● Work order:
Scan the records beneath this line for the line holding "I was trying to push my boobs together lol" and the line holding "Foto del edificio - 2940 Brevard Ave", then transcribe exactly those two and all lines between.

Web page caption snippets
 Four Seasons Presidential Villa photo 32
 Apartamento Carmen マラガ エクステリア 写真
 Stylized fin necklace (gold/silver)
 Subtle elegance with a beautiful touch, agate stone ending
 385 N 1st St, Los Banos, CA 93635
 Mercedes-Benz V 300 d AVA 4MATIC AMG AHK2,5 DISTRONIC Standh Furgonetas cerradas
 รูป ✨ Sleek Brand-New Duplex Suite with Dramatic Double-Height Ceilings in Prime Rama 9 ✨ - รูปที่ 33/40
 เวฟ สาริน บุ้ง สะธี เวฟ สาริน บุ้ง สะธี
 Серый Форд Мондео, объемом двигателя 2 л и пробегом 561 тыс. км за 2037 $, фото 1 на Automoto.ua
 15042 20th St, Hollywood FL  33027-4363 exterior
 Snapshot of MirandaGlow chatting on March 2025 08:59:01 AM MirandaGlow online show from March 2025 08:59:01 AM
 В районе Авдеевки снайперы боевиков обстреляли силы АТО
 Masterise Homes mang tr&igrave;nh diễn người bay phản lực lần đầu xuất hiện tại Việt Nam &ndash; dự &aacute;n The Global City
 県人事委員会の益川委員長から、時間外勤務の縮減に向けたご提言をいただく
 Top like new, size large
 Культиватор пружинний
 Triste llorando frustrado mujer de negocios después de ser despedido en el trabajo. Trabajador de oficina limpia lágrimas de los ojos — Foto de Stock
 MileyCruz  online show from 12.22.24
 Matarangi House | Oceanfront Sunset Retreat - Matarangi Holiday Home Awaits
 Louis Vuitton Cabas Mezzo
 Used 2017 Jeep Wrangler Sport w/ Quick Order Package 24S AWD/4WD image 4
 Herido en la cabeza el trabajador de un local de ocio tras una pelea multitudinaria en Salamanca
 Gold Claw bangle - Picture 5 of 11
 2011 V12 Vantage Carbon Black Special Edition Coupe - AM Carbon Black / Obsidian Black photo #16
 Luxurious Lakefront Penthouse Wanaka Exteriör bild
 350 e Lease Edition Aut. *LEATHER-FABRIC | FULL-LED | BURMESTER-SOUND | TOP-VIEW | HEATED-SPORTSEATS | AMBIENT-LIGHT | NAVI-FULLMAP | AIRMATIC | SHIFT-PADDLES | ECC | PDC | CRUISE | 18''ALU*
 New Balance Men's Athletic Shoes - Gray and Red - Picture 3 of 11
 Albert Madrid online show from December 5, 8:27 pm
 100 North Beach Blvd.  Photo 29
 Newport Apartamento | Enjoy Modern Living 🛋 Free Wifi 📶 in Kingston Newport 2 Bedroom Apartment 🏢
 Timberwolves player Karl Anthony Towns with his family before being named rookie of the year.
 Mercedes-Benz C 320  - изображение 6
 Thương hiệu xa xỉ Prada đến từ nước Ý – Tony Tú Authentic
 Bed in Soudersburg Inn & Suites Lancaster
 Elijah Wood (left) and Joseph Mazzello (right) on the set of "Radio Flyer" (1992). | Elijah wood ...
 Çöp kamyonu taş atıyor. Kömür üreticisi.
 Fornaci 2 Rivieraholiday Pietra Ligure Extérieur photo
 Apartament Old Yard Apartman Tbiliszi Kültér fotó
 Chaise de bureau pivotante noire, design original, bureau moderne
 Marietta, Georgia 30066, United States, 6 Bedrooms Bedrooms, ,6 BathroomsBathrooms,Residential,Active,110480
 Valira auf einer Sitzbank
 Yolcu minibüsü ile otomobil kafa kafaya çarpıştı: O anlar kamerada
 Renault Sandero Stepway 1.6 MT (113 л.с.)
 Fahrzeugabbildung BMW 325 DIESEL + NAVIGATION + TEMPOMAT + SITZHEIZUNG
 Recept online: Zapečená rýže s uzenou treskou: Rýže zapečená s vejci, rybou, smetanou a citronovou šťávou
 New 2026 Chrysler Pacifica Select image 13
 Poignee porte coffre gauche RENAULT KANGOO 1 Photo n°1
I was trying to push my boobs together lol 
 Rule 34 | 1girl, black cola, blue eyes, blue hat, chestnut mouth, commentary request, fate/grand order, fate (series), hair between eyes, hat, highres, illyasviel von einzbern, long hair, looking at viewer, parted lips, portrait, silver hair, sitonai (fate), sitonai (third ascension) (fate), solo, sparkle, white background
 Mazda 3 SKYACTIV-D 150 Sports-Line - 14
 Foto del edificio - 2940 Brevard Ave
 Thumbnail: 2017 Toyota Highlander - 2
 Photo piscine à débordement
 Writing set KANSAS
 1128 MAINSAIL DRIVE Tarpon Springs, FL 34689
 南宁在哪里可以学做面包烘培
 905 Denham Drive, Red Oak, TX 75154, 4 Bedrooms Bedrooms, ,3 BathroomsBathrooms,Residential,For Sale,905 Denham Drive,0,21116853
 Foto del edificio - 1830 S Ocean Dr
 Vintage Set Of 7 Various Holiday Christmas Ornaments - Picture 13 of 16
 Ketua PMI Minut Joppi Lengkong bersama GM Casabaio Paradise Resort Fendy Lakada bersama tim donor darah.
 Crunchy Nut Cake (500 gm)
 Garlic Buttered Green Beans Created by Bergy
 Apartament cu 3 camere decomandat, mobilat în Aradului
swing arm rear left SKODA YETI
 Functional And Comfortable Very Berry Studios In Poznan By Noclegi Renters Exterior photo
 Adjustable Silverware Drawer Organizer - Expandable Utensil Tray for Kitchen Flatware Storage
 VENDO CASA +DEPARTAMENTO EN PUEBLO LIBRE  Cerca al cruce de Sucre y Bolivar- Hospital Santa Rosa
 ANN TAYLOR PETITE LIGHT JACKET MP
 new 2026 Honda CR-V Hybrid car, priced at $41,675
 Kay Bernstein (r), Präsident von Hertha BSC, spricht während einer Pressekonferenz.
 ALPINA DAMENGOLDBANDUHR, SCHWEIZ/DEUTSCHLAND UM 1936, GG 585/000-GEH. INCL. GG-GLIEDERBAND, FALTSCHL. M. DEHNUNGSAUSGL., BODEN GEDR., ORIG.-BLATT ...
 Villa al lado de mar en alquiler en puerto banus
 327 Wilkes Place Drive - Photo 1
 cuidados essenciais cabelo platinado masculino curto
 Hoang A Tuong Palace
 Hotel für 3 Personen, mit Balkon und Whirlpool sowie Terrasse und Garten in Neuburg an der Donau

● Result for this task:
I was trying to push my boobs together lol 
 Rule 34 | 1girl, black cola, blue eyes, blue hat, chestnut mouth, commentary request, fate/grand order, fate (series), hair between eyes, hat, highres, illyasviel von einzbern, long hair, looking at viewer, parted lips, portrait, silver hair, sitonai (fate), sitonai (third ascension) (fate), solo, sparkle, white background
 Mazda 3 SKYACTIV-D 150 Sports-Line - 14
 Foto del edificio - 2940 Brevard Ave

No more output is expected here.